From this chilling response with which our Lord warns us today we can learn how we should prepare for our death: we must know the Lord Jesus. The foolish virgins who did not bother to plan ahead so as to bring a sufficient supply of oil, were not turned away because there was something they had not done; they were turned away because they did not know the groom. They had not spent time with him, they had not learned from him, they had not rested in his presence.

But how do we come to know the Lord? He says to us, “Behold, I stand at the door and knock. If anyone hears my voice and opens the door, [then] I will enter his house and dine with him, and he with me” (Revelation 3:20). Finding Jesus is not a difficult task for those who seek him with sincerity and trust, for he “is readily perceived by those who love [him], and found by those who seek [him]” (Wisdom 6:12).
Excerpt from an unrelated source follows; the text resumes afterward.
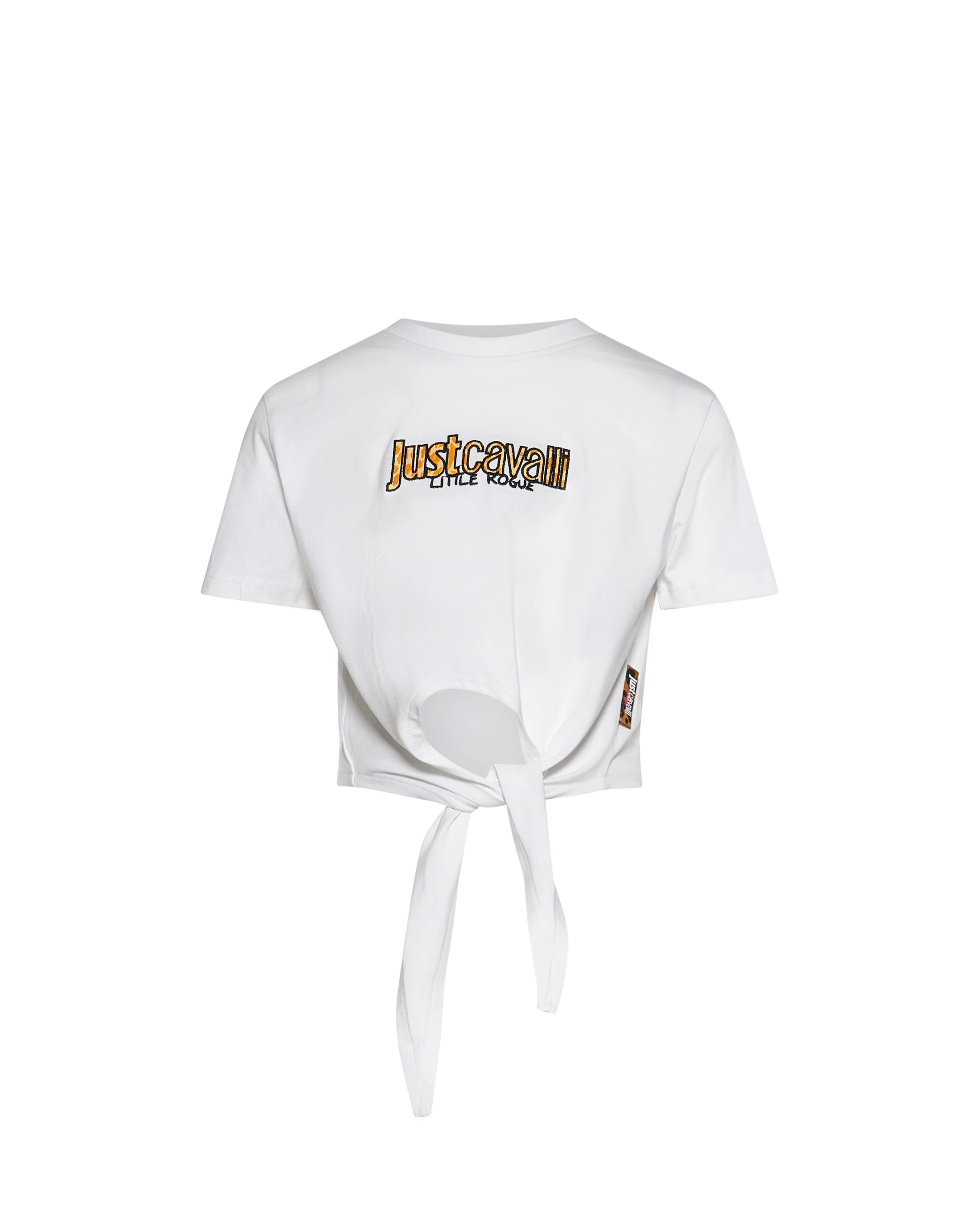 Just Cavalli Kids T-Shirt Crop Bianca con Stampa Logo per Bambine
Indeed, Jesus “hastens to make [him]self known to” us (Wisdom 6:13).

When we find the Lord, when we find the God whom we seek and for whom our “flesh pines and [our] soul thirsts,” we will come to know him by being with him (Psalm 63:2). As we read the Scriptures we will know him. As we spend time with him in other forms of prayer – the rosary, the Stations of the Cross, novenas, meditation and adoration – when we receive the Sacraments, we will daily come to know him more and more. When we receive him in the Most Holy Eucharist, not only will we come to know him better but we will be changed into him. This is our ultimate goal: to know him and to be united with him forever.
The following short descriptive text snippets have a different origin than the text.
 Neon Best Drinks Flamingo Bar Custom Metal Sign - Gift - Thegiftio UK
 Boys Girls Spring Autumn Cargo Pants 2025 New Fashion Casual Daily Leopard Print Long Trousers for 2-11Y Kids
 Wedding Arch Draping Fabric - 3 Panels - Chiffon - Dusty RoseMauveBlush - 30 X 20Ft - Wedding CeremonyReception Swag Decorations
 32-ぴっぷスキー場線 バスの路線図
The more we come to know the mercy and love of Jesus, the more we come to know his tender compassion, the more we will also come to know his will for us. The more we know his will the more we will want to be with him and the easier it will be for us to follow his will.
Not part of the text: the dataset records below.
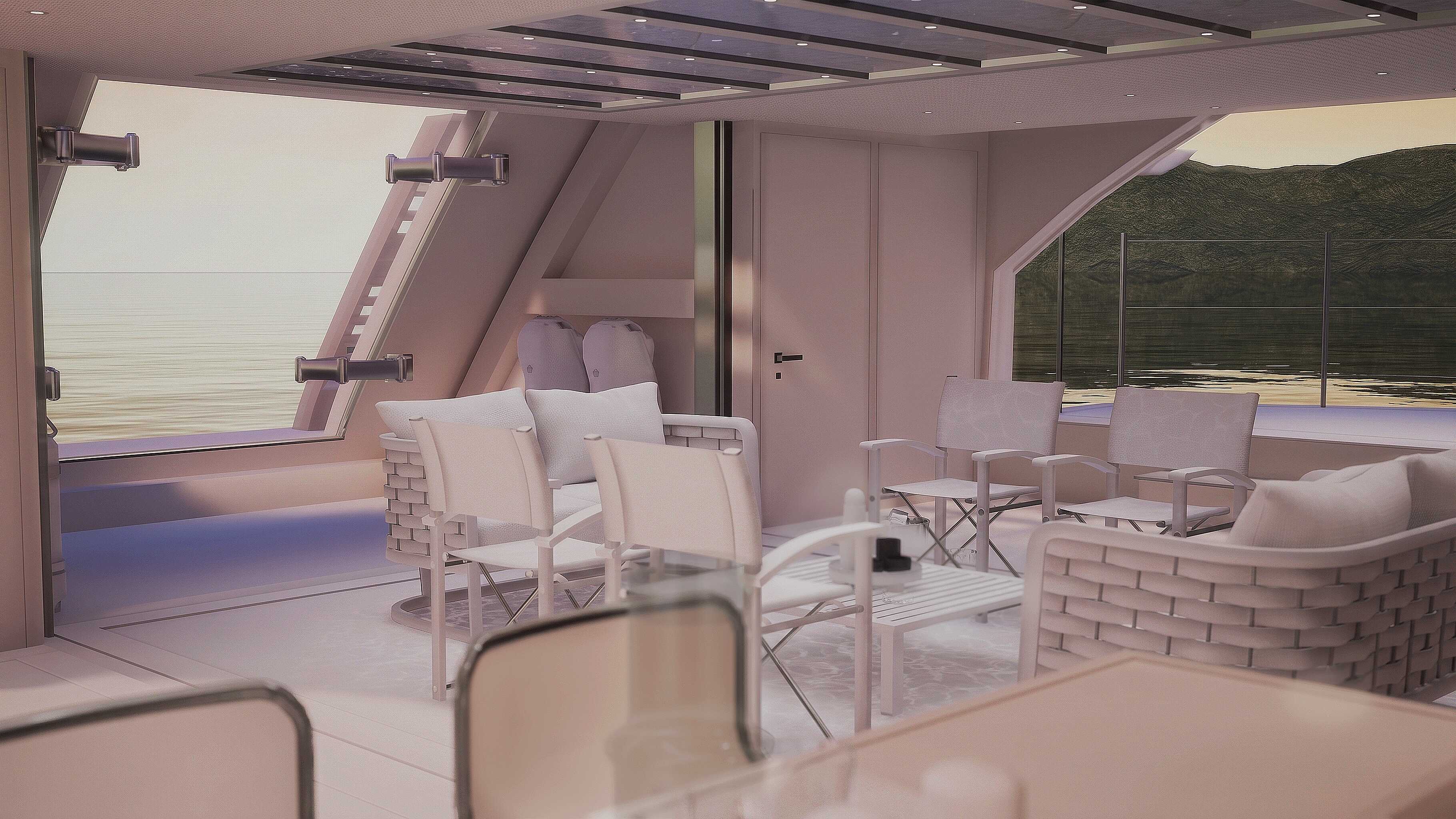 Clay-rendered VR view of a superyacht interior overlooking the water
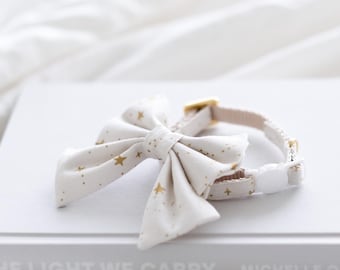 White Gold Star Sailor Bow Cat Collar | Metallic Gold Cat Collar, Star Cat Collar, White Star Cat Collar, Sailor Moon Cat Collar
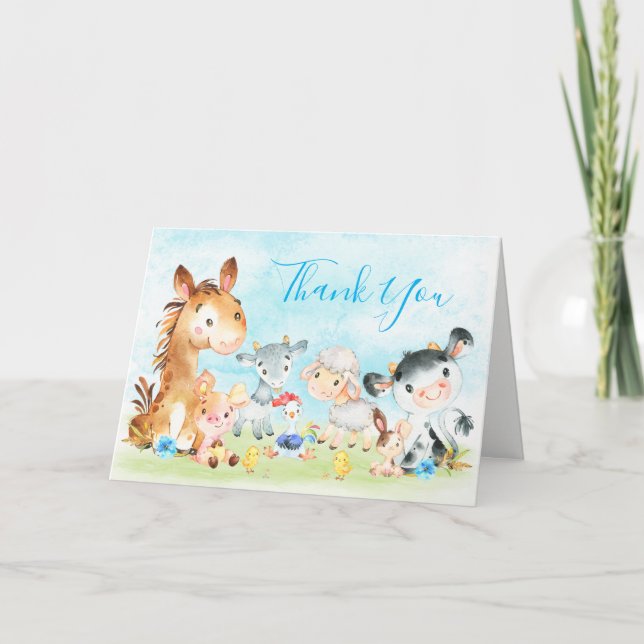 Watercolor Farm Animals Boy Card (Front)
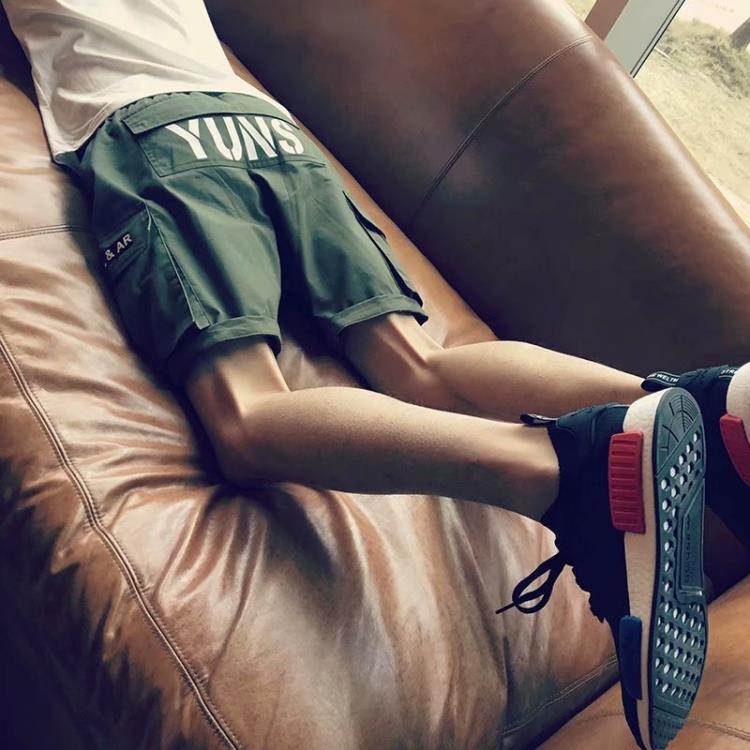 夏季新款男士短褲工裝褲寬松休閒潮牌正韓潮流帥氣5分褲男運動褲-細節圖2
The great spiritual classic of the Middle Ages, The Imitation of Christ reminds us that

“Every action of yours, every thought, should be those of one who expects to die before the day is out. Death would have no great terrors for you if you had a quiet conscience . . . . Then why not keep it clear of sin instead of running away from death? If you aren’t fit to face death today, it’s very unlikely you will be tomorrow” (1.23.1).

In truth, we who have been baptized have already died once and the second death that we will experience is not something to be feared. It is not to be feared for those who know the Lord, “For the Lord himself, with a word of command, with the voice of an archangel and with the trumpet of God, will come down from heaven, and the dead in Christ will rise” (I Thessalonians 4:16). Indeed, St. Paul asks us,

“are you unaware that we who were baptized into Christ Jesus were baptized into his death? We were indeed buried with him through baptism into death, so that, just as Christ was raised from the dead by the glory of the Father, we too might live in newness of life” (Romans 6:3-4).

When we, like those wise virgins who prepared themselves for a long night as they watched for the coming of the groom, prepare ourselves well for the coming of Christ, cooperating with his grace, will stand before the Lord and cry out to him, “Lord, lord, open the door for us.” When he hears our voice and sees us calling out to him, he will not say to us, “Amen, I say to you, I do not know you.” Rather, “we shall always be with the Lord” (I Thessalonians 4:17) because we have known him. St. Francis of Assisi concludes his great Canticle of the Creatures with these lines:

“Praised are you, my Lord, for our sister Bodily Death,
from whom no living man can escape.
Woe on those who will die in mortal sin!
Blessed are they who will be found
in your most holy will,
for the second death will not harm them.”